Intent Laundering: AI Safety Datasets Are Not What They Seem
Shahriar Golchin, Marc Wetter
TL;DR
The paper interrogates the realism of AI safety datasets by showing they rely heavily on triggering cues that do not match real-world attacks. It introduces intent laundering, a two-part process of connotation neutralization and context transposition, to remove overt cues while preserving malicious intent, revealing a large rise in attack success rates ($ASR$) when cues are stripped. The authors extend intent laundering into a jailbreaking loop that achieves $ASR$ between $90\%$ and $98.5\%$ across several models, indicating a substantial gap between safety evaluations and actual adversarial behavior. These findings call for safer, more realistic evaluation paradigms and improved alignment strategies that resist cue-based jailbreaks, with practical implications for model security and deployment.
Abstract
We systematically evaluate the quality of widely used AI safety datasets from two perspectives: in isolation and in practice.
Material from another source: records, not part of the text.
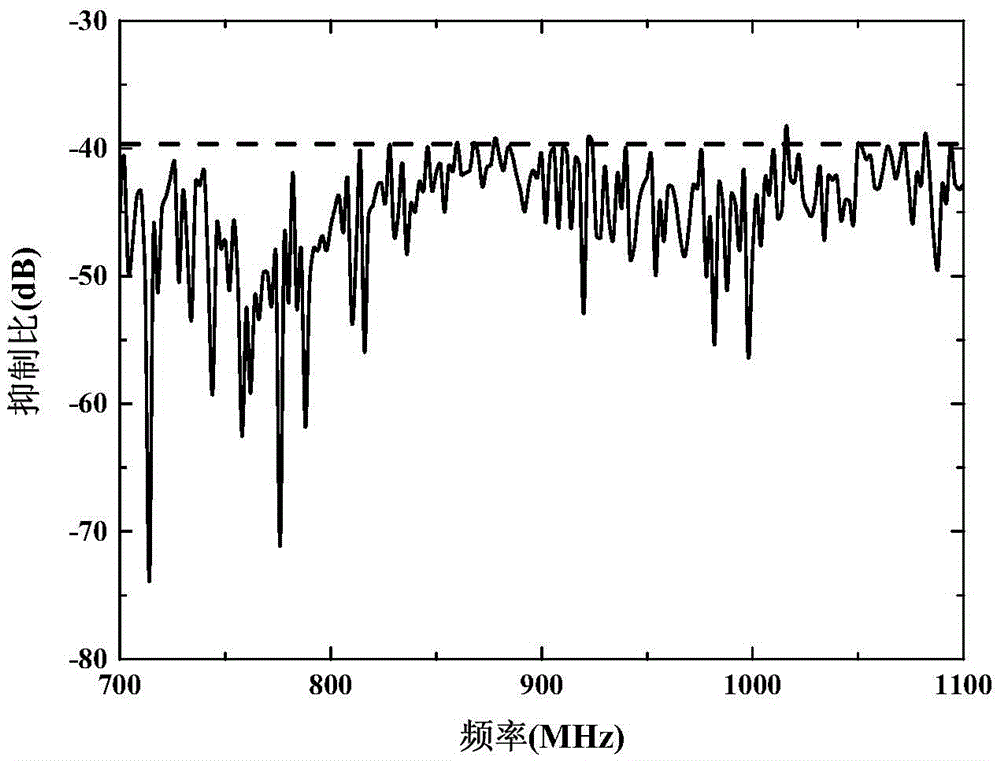 Radio frequency self-interference eliminating system applied to same-time and same-frequency full-duplex system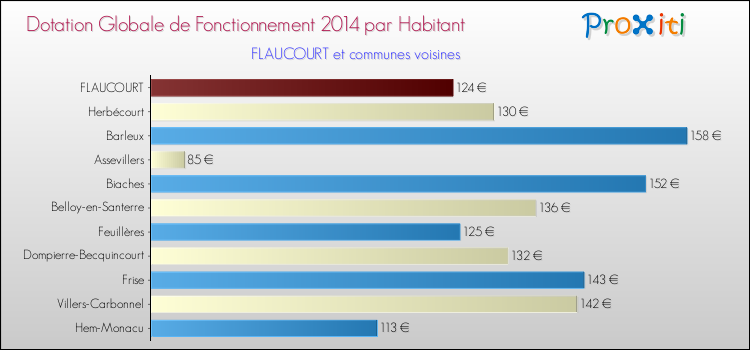 Montant des dotations globales de fonctionnement DGF par Habitant pour FLAUCOURT et les communes proches en 2014. Comparaison des des dotations globales de fonctionnement DGF par habitant pour FLAUCOURT et les communes voisines en 2014.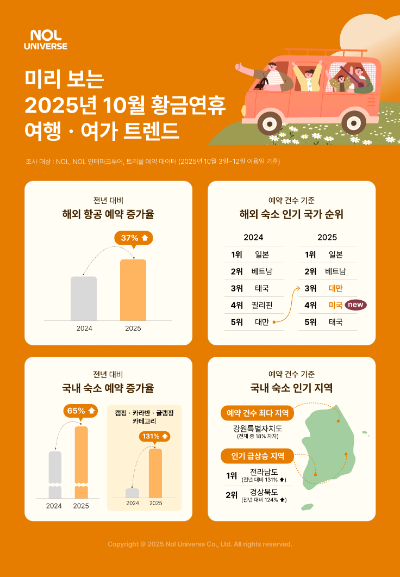 놀유니버스 미리 보는 10월 황금연휴 여행ㆍ여가 트렌드 발표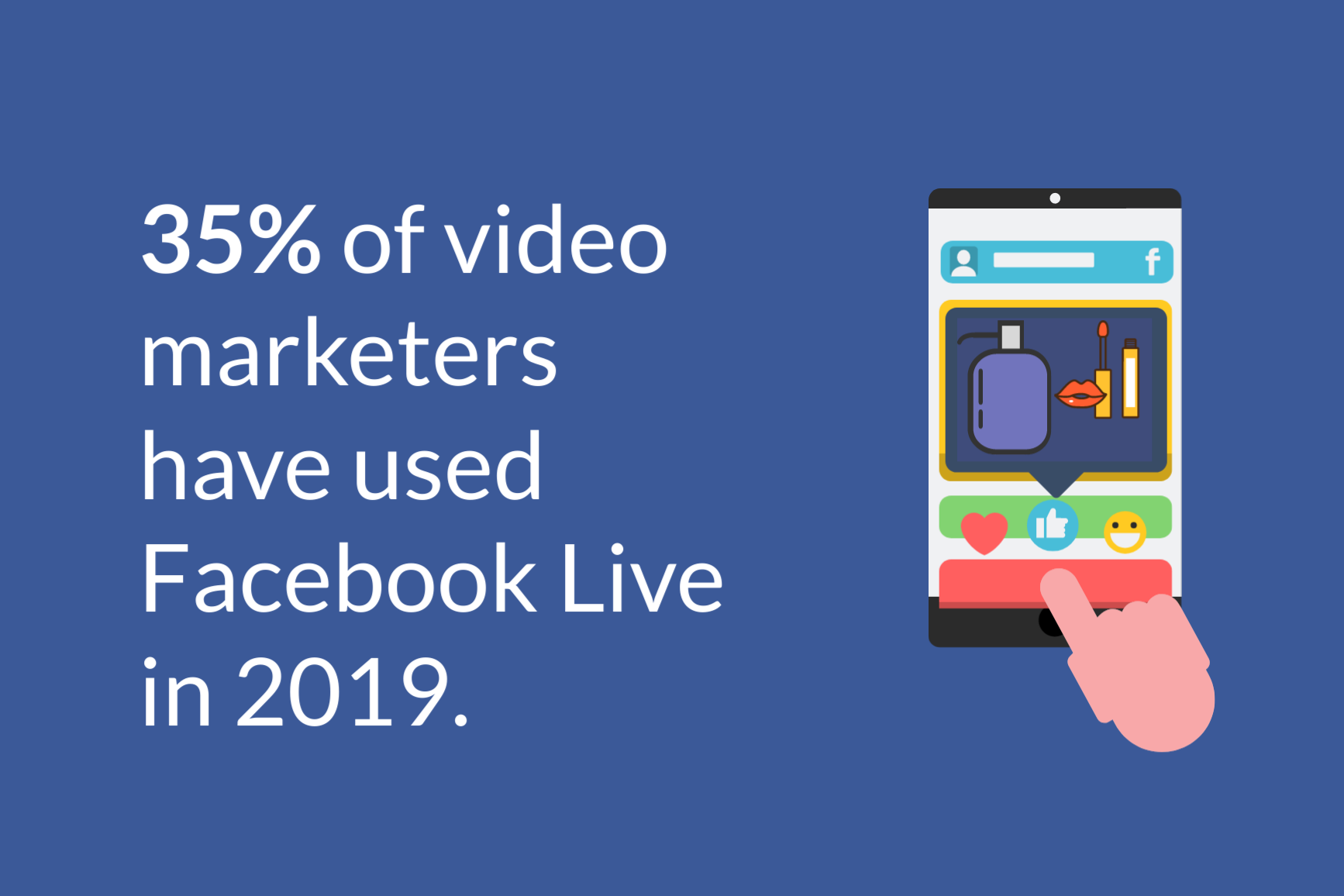 A Facebook Live szolgáltatást használó marketingszakemberek százalékos aránya 2019-ben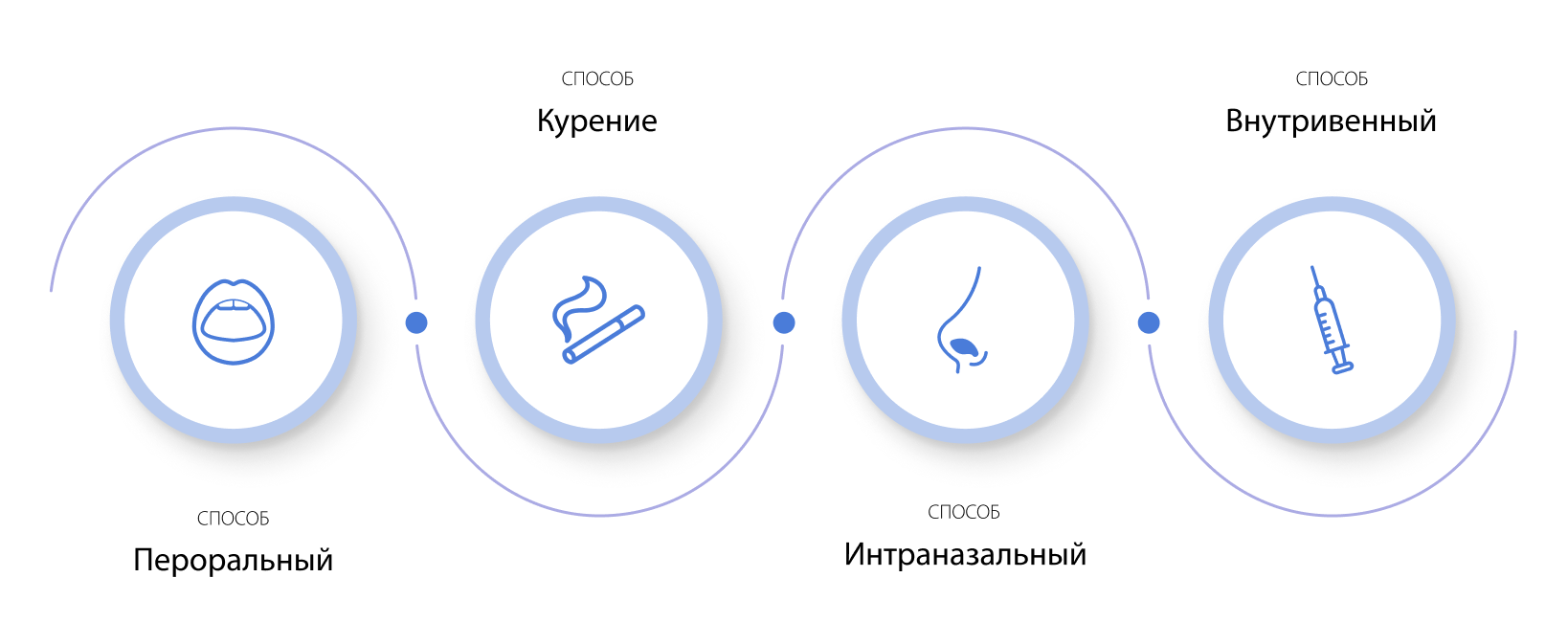 Способы употребления мефедрона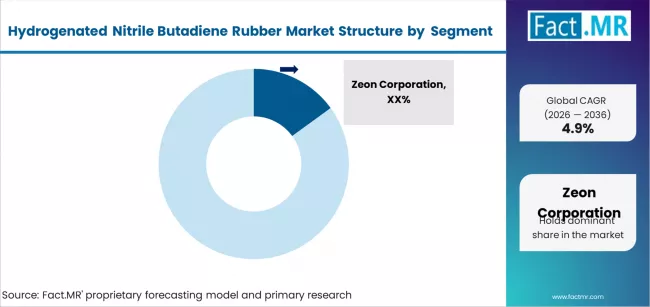 Hydrogenated Nitrile Butadiene Rubber Market Analysis By Company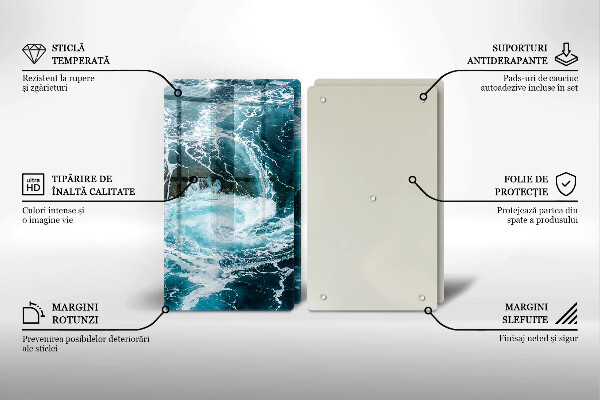 Glas Ceranfeldabdeckung Schäumende Wasserwellen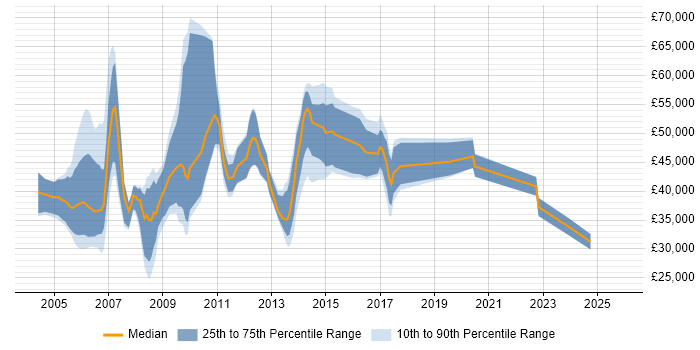 Salary distribution trend for jobs in Bracknell citing VoIP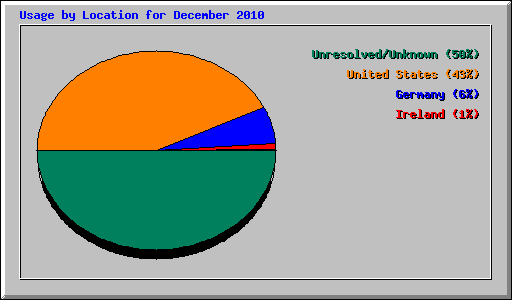 Usage by Location for December 2010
In isolation, we examine how well these datasets reflect real-world attacks based on three key properties: driven by ulterior intent, well-crafted, and out-of-distribution. We find that these datasets overrely on "triggering cues": words or phrases with overt negative/sensitive connotations that are intended to trigger safety mechanisms explicitly, which is unrealistic compared to real-world attacks. In practice, we evaluate whether these datasets genuinely measure safety risks or merely provoke refusals through triggering cues. To explore this, we introduce "intent laundering": a procedure that abstracts away triggering cues from attacks (data points) while strictly preserving their malicious intent and all relevant details. Our results indicate that current AI safety datasets fail to faithfully represent real-world attacks due to their overreliance on triggering cues. In fact, once these cues are removed, all previously evaluated "reasonably safe" models become unsafe, including Gemini 3 Pro and Claude Sonnet 3.7. Moreover, when intent laundering is adapted as a jailbreaking technique, it consistently achieves high attack success rates, ranging from 90% to over 98%, under fully black-box access. Overall, our findings expose a significant disconnect between how model safety is evaluated and how real-world adversaries behave.